Taking her cue from Margulis’s “big like us” criticism of accounts of evolution that emphasize the emergence of large animals (especially large mammals like us), Hird tries to tell the story of life from the point of view– so to speak– of bacteria. Not only does this allow us a more adequate understanding of symbiogenesis; it also reminds us, soberly, that for the vast majority of our planet’s history– over three billion years– “life” on Earth was single-celled.
What I found most interesting in Hird’s presentation, and in the following seminar, was the care she took to distance herself from things like actor-network theory (following Latour) and notions of “entanglement” (after Barad). These ideas are almost good enough, Hird suggests, but they still have too much to do with us.
And this is a hard thought to think. I know enough, by now, to be suspicious of the discourse of “sustainability,” which really does seem to be all about us– and how we in the industrialized nations can sustain our standard of living with 10 percent less guilt. The Anthropocene is a bit better, insofar as it puts the emphasis on the state of the planet, but of course the anthropos is still all about us.
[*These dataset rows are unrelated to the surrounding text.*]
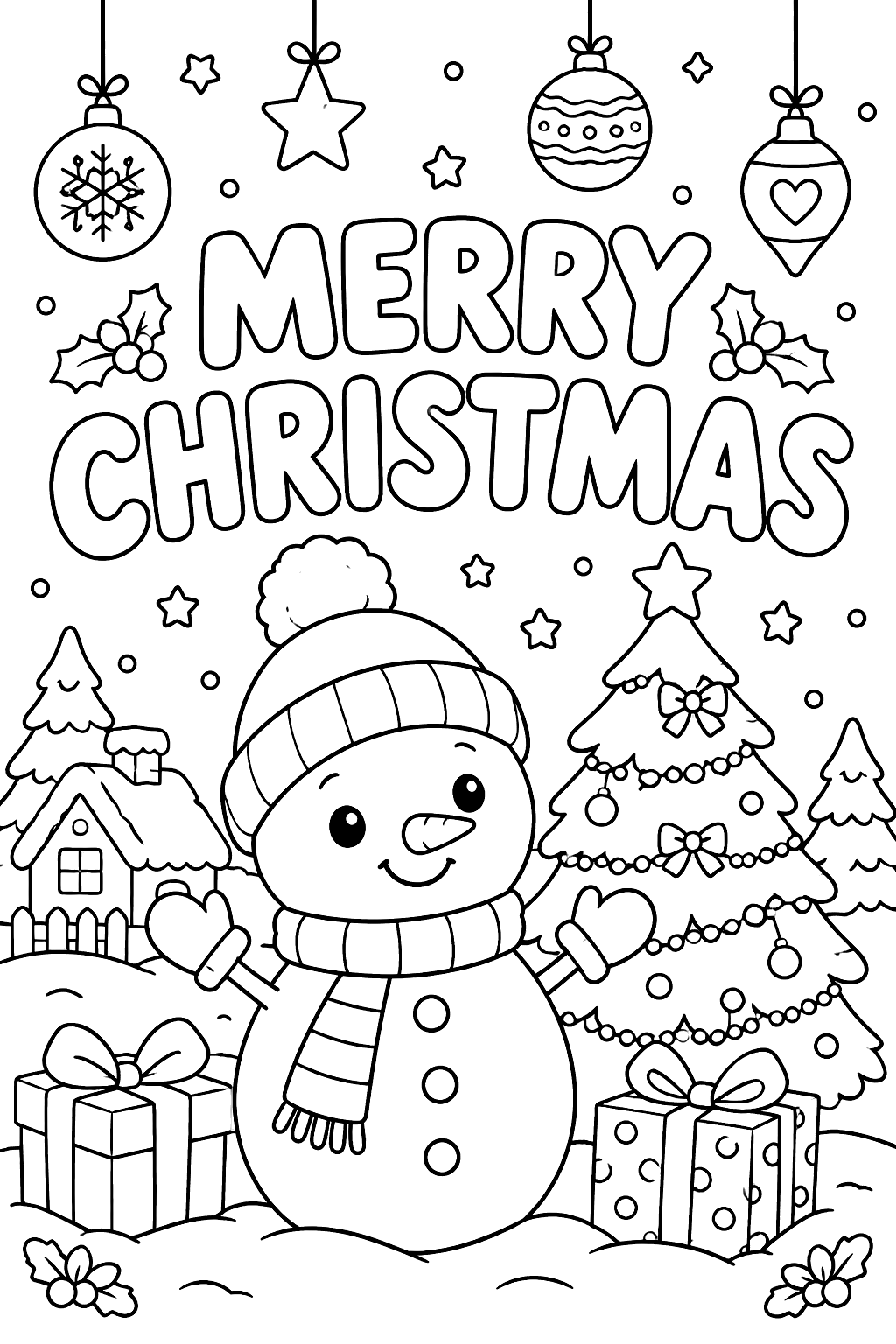 Big outline letters spelling merry christmas surrounded by hanging ornaments coloring page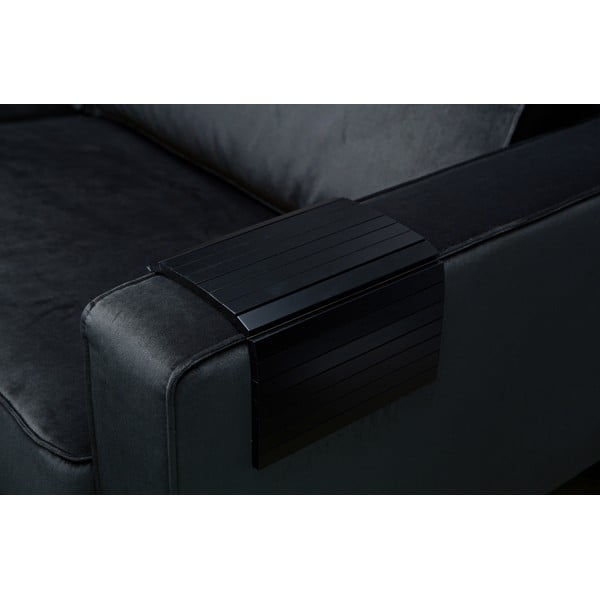 Bracciolo flessibile in legno nero per divano a vassoio - WOOOD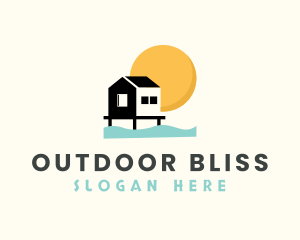 Tropical Vacation House logo design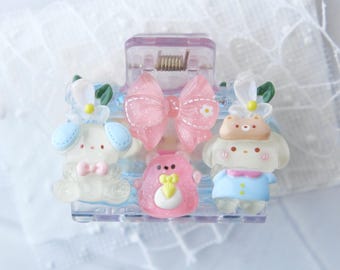 Small Jelly Blue Hair Claw Clip Decoden Kawaii, Cute Animals, Rhinestones, Birthday, Anniversary, Christmas, Gift for Her, Present for Kids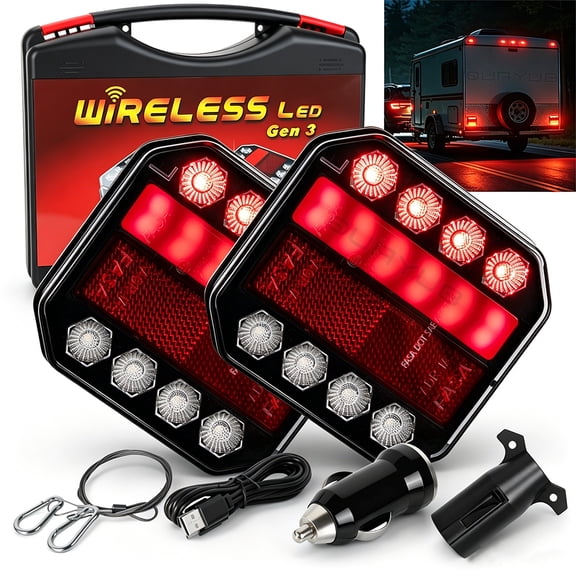 Quayub Wireless Magnetic Trailer Lights Rechargeable LED TailLight Kit For Trailer Set of 2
So when I read this passage in Hird’s essay, “Waste, Landfills, and an Environmental Ethic of Vulnerability”–
Conceptualizing world-making as the co-enactment of human and nonhuman relations reveals instead the myriad relations upon which all life intimately depends. At the same time, however, we are challenged in our analyses to consider relations between nonhumans that do not somehow, at the same time, also involve humans (109)
– I almost laughed out loud, thinking that this would involve something like a Bechdel Test for thinking about the nonhuman. The Bechdel Test, of course, asks whether a movie contains at least two women who talk to each other about something other than a man– and it is profoundly depressing how many Hollywood movies fail to pass. The Hird Test, then, would ask if a study contains at least two nonhuman actors whose intra-action does not involve humans.
It is apparently very difficult for humans to think of such things– and even the bacteria are no help, because they make up so much of what we are and what we do. But it seems entirely necessary if we are to try to think usefully about the meaning of “life.”